Make an exact copy of the lines from the one holding "Salle d’Eau Moderne" through the end of the entries below, both ends kept, and of nothing else. Exclude pictures.

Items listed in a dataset
---+---

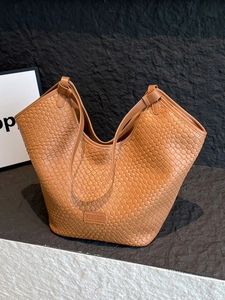 Borsa tote vintage in pelle intrecciata marrone con spalline lunghe su sfondo di pietra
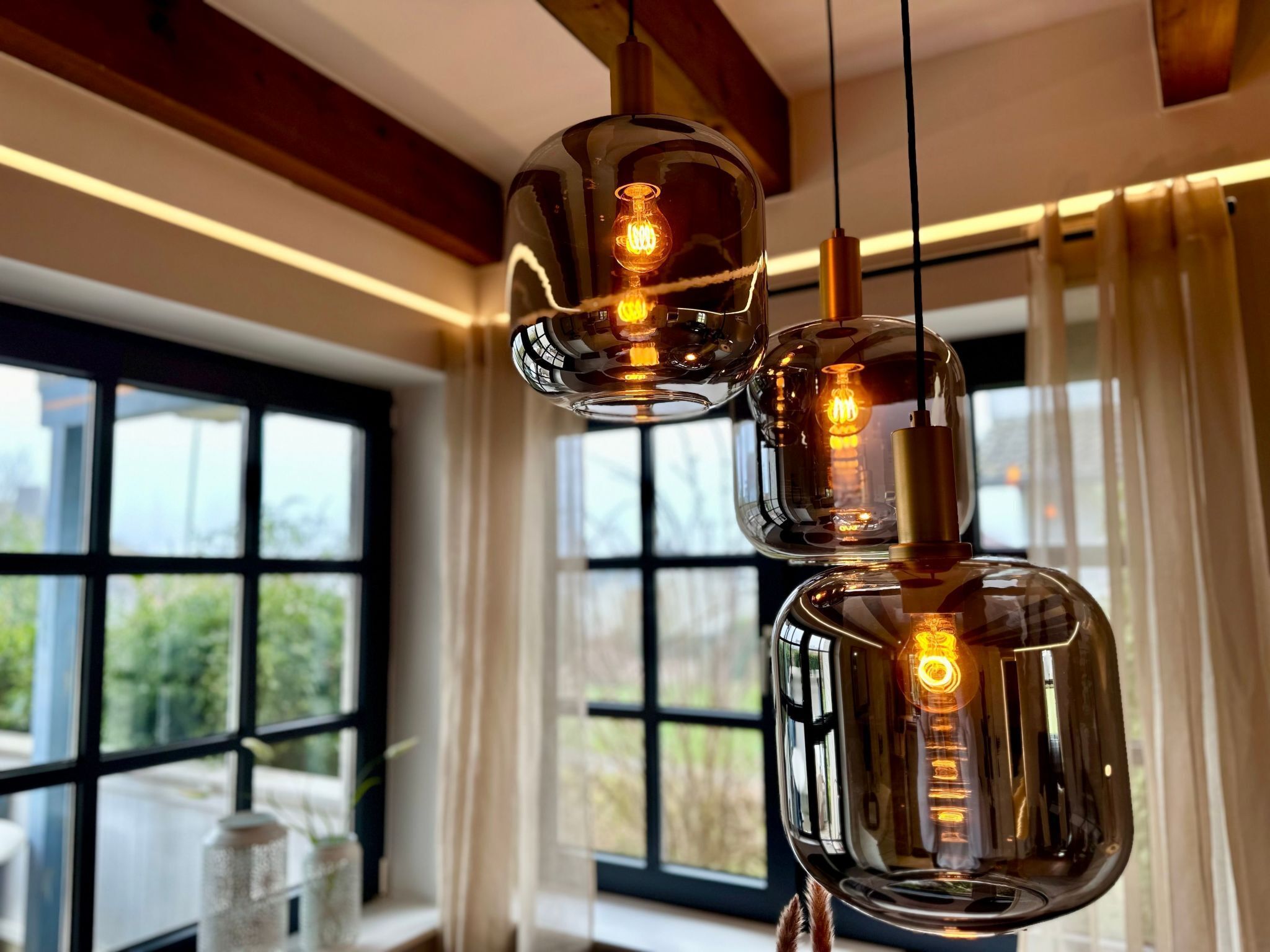 A modern interior with a large window, a hanging light fixture, and a wooden ceiling beam.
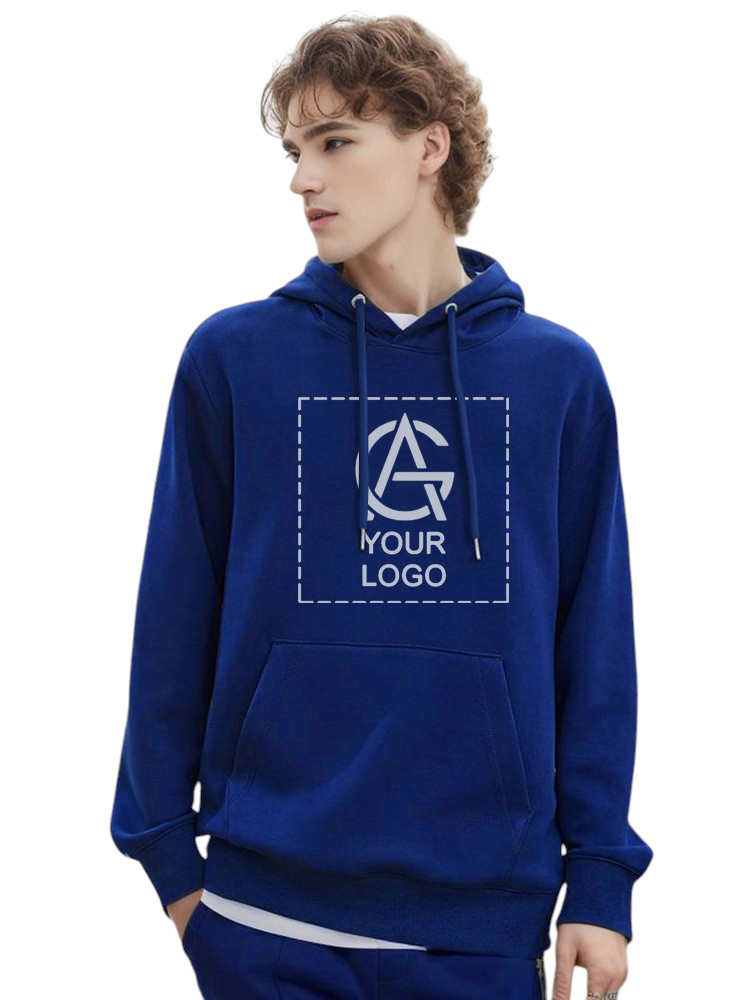 Young person with curly hair wearing a 6W288 royal blue Hoodie featuring a square placeholder with "YOUR LOGO" text and a mock logo on the chest, looking to the side with one hand in their pocket.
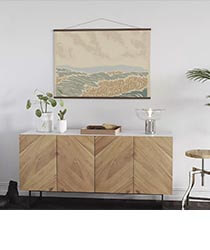 An abstract landscape print above a wooden credenza.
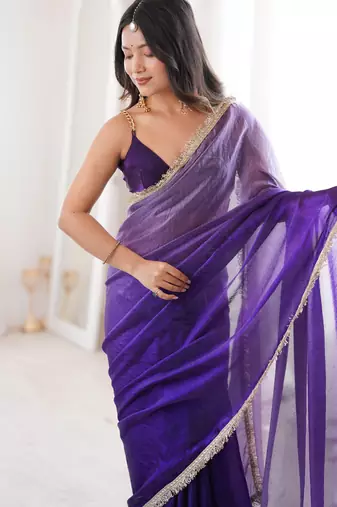 Purple tissue satin sequins saree with unstitched blouse piece.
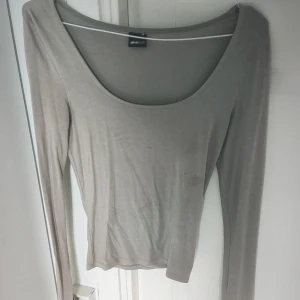 Beige långärmad topp från Gina Tricot - Säljer en stilren grå långärmad topp från Gina Tricot. Toppen har en djup rund halsringning. 💕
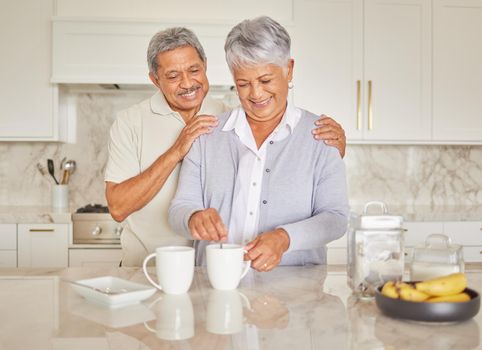 Coffee, couple and love with a senior woman and man enjoying retirement while together in the kitchen of their home. Happy, smile and romance with an elderly male and female pensioner making tea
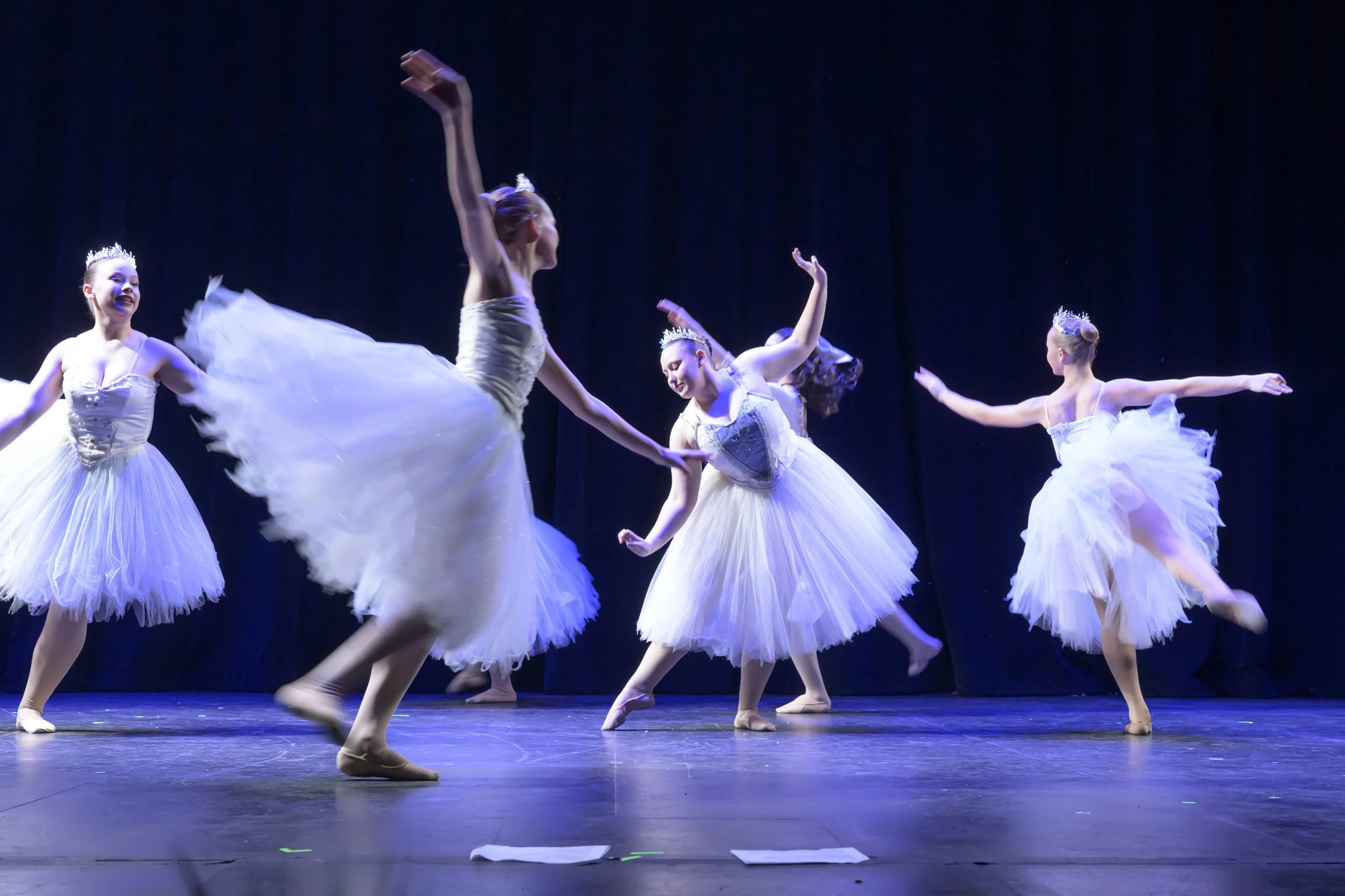 Ballet dancers in tutus performing on stage with dark background, some with tiaras, in graceful poses.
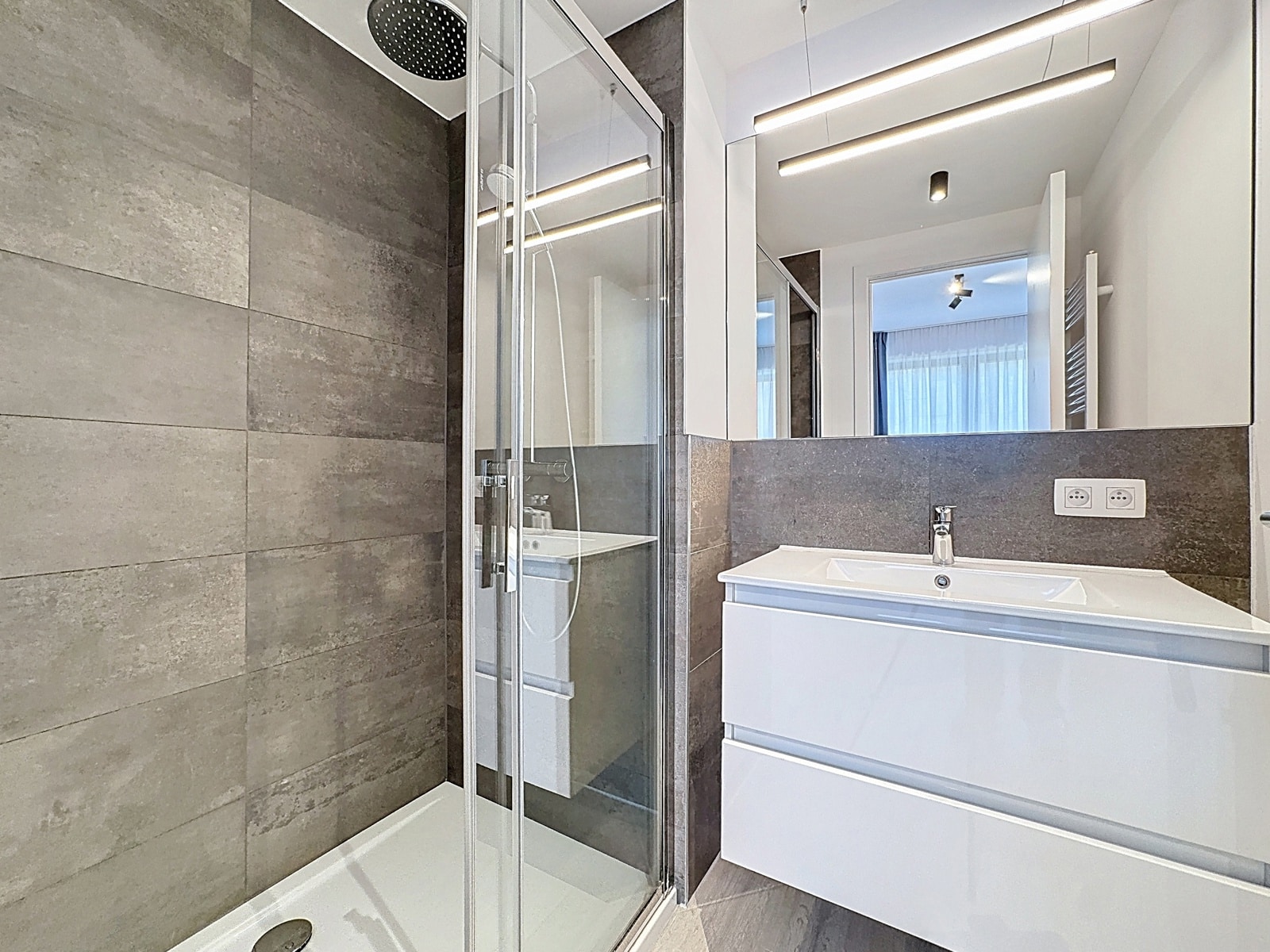 Salle d’Eau Moderne avec Douche Vitrée – You Real Estate Agency Salle de bain moderne avec douche vitrée, carrelage gris et meuble vasque blanc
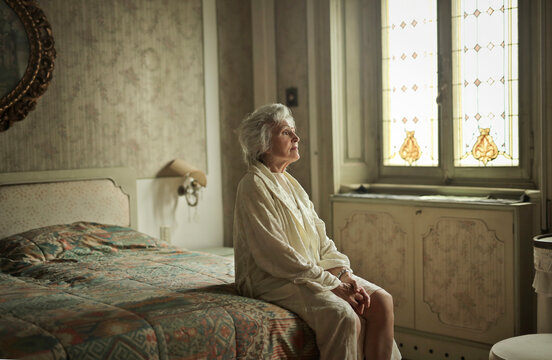 elderly lady in dressing gown on bed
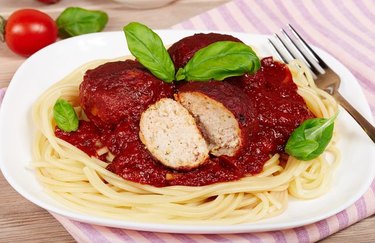 Turkey Basil Meatballs and spaghetti on white plate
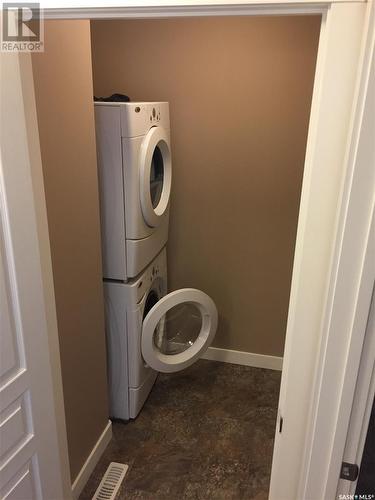 119 St John Street N, Regina, SK - Indoor Photo Showing Laundry Room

---+---

▶ [Expected answer]
 Salle d’Eau Moderne avec Douche Vitrée – You Real Estate Agency Salle de bain moderne avec douche vitrée, carrelage gris et meuble vasque blanc
 elderly lady in dressing gown on bed
 Turkey Basil Meatballs and spaghetti on white plate
 119 St John Street N, Regina, SK - Indoor Photo Showing Laundry Room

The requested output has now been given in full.